• **DATA PROVIDED**
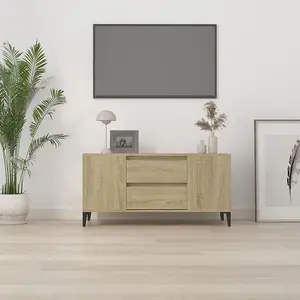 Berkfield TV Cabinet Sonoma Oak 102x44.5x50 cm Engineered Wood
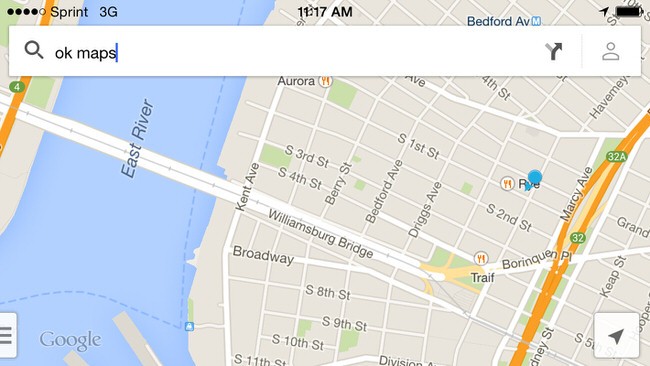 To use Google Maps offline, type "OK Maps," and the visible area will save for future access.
...
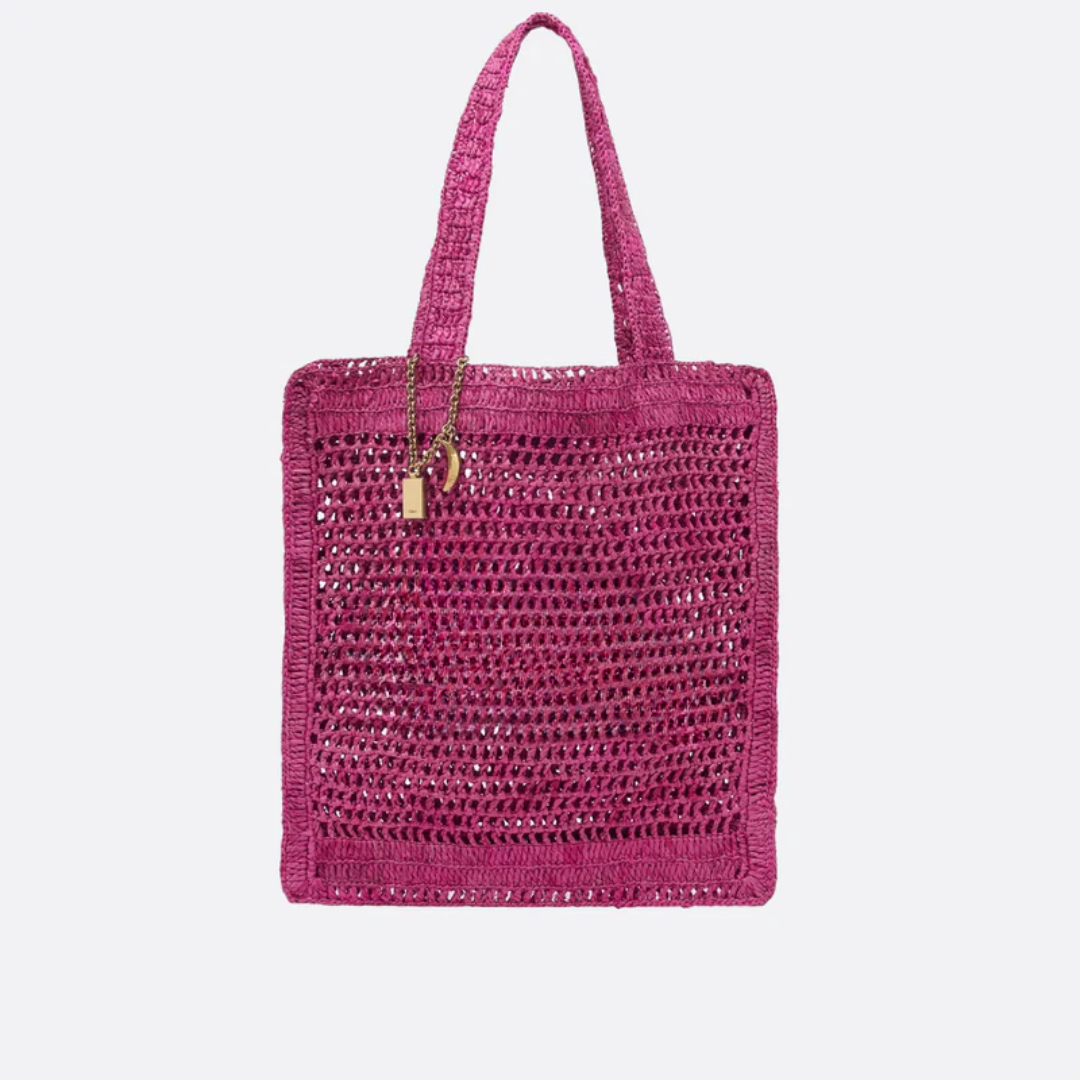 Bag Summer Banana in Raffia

• **YOUR GOAL**
Skip every picture, and restate word for word only the lines above from the line containing "Berkfield TV Cabinet" to the line containing "To use Google", both of them included.

• **COMPLETED TASK**
 Berkfield TV Cabinet Sonoma Oak 102x44.5x50 cm Engineered Wood
 To use Google Maps offline, type "OK Maps," and the visible area will save for future access.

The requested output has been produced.